Part of Chapman Taylor’s role will be to explain how the grade I-listed Blue Coat Chambers building in the Paradise Street area can be retained and incorporated into a retail or mixed-use scheme.

The firm will also draw up recommendations to ensure that the new Paradise Street scheme integrates itself properly into the rest of Liverpool city centre.

Douglas said: “It won’t be a proscriptive brief, but there are some sacrosanct buildings that will have to remain, and we also want to maintain permeability – an ability to walk through the new proposals.

“What we do not want is an enclosed box plonked down in the area in the way that many 1950s and 1960s schemes in city centres were imposed without any sensitivity to the areas they were built in. But we are also looking for something that is commercially viable.” Atkins will be examining how the scheme will affect pedestrians, and advising on the future of a bus station in the middle of the Paradise Street site.

Healey & Baker has already said Paradise Street could be redeveloped to provide 100 000 m2 of retail space, whereas interested developers’ estimates range from 60 000 m2 to 150 000 m2.

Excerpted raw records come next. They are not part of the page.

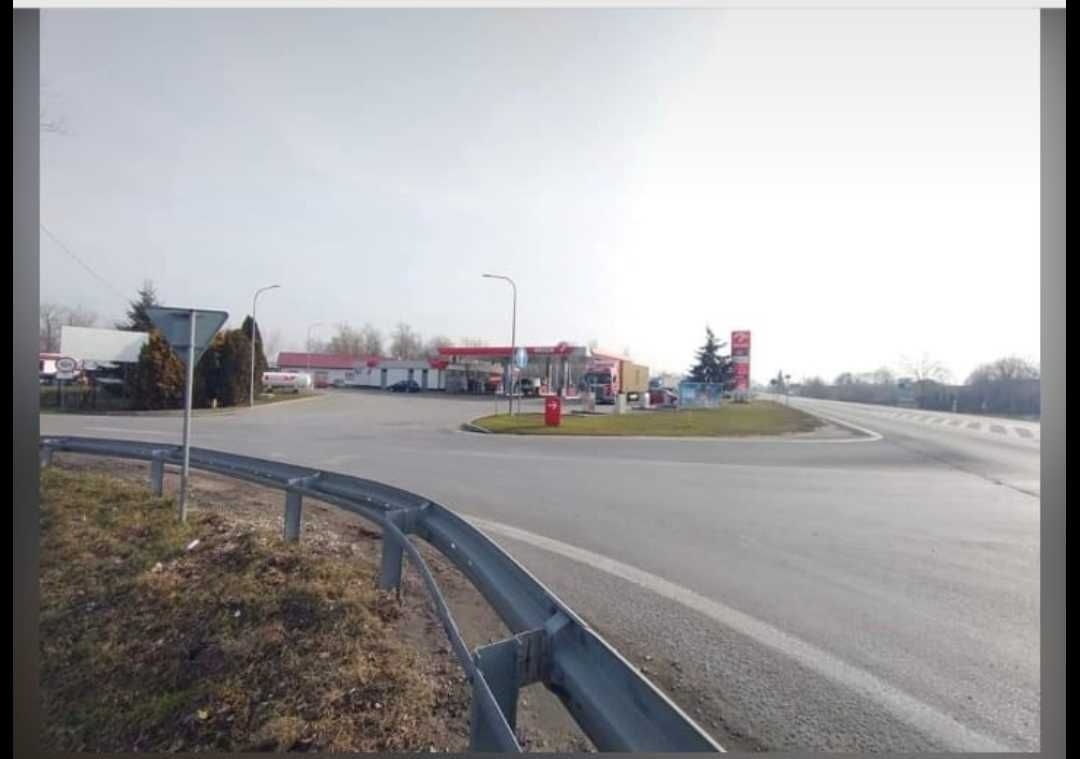 Działka rolno-budowlana Żabiec. Zdjęcie 4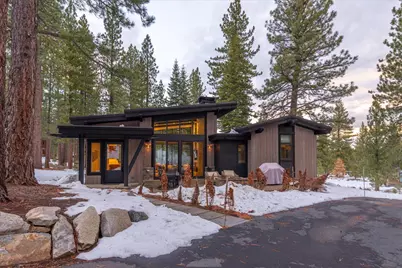 9718 Hunter House Drive, Truckee, CA 96161 - Photo 1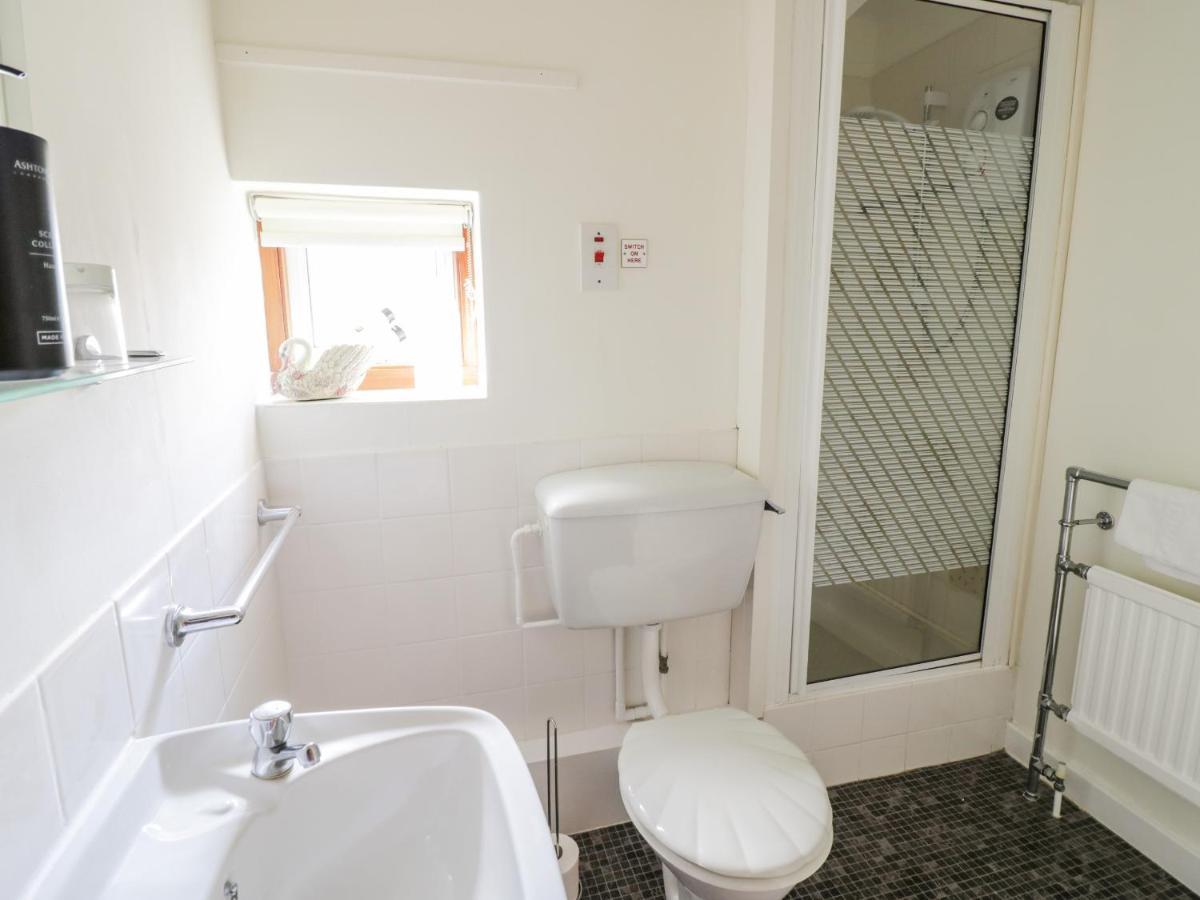 Appartamento The Malins Moreton-in-Marsh Esterno foto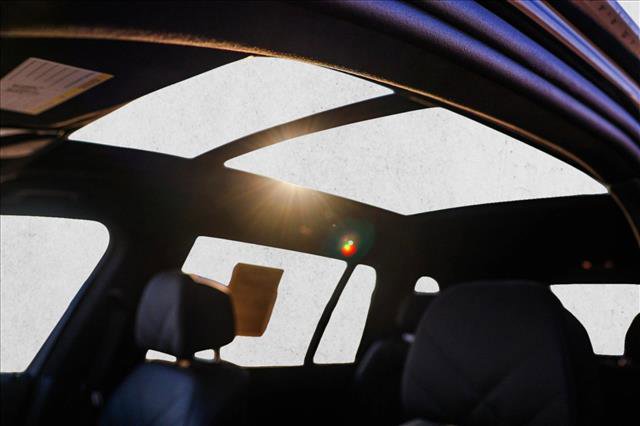 Used 2025 BMW X7 xDrive40i image 11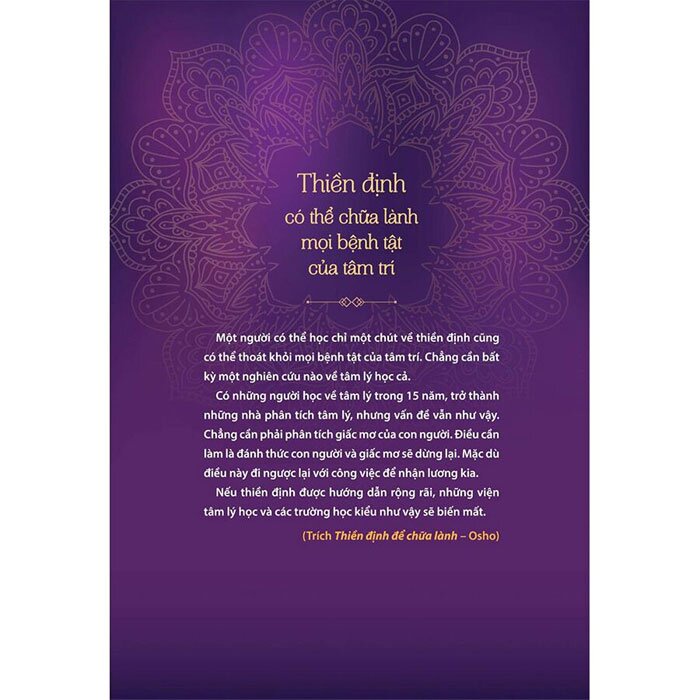 Sách - Tự Chữa Lành (PN)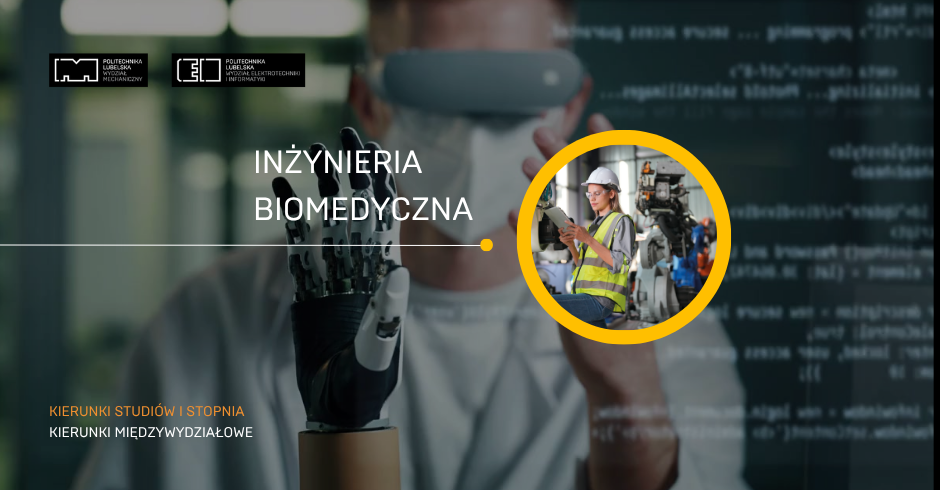 Studiuj na Wydziale Mechanicznym!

  • Former Wimpey chairman Joe Dwyer was this week expected to be named chairman of Liverpool City Partnership, a new public-private company being created to revive the city centre.
The move comes in the wake of the Rogers report’s call for public-private companies to lead regeneration in a “holistic” way. The company board is expected to include senior English Partnerships executive David Shelton. The company is modelled on Manchester Millennium, which has co-ordinated construction spending since an IRA bomb hit the city centre in 1996.